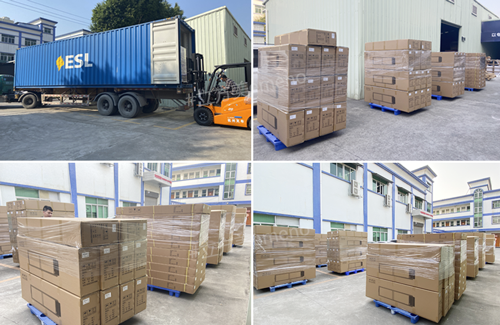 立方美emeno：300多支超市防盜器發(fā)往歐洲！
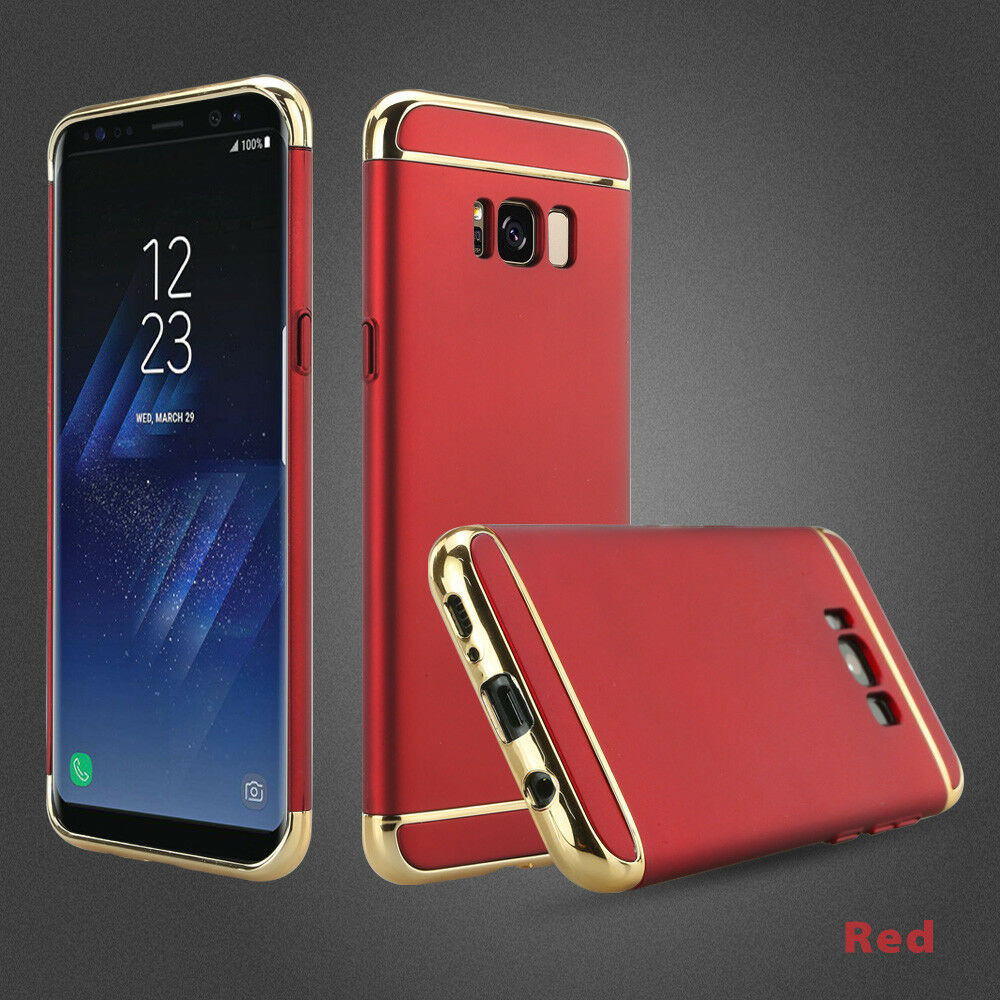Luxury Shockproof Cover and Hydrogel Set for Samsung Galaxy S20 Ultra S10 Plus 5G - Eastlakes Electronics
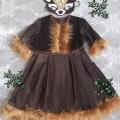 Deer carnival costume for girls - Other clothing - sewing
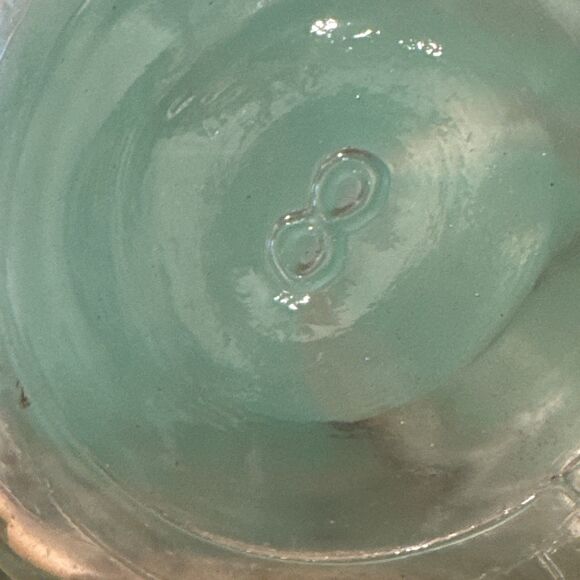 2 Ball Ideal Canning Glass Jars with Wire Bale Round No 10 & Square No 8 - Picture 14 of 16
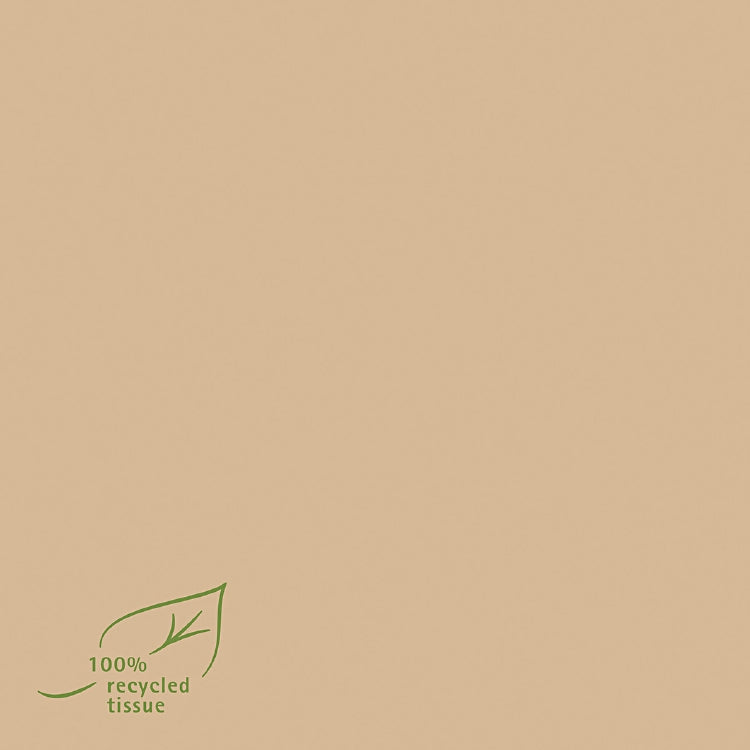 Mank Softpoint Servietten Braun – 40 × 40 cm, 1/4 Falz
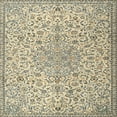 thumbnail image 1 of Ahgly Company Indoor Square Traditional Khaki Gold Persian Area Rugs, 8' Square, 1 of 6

_ _ _ _ _

EXERCISE PROMPT. Write the records out once more, exactly as they appear, with no pictures.

RESPONSE TO THE TASK.
 立方美emeno：300多支超市防盜器發(fā)往歐洲！
Luxury Shockproof Cover and Hydrogel Set for Samsung Galaxy S20 Ultra S10 Plus 5G - Eastlakes Electronics
 Deer carnival costume for girls - Other clothing - sewing
 2 Ball Ideal Canning Glass Jars with Wire Bale Round No 10 & Square No 8 - Picture 14 of 16
 Mank Softpoint Servietten Braun – 40 × 40 cm, 1/4 Falz
 thumbnail image 1 of Ahgly Company Indoor Square Traditional Khaki Gold Persian Area Rugs, 8' Square, 1 of 6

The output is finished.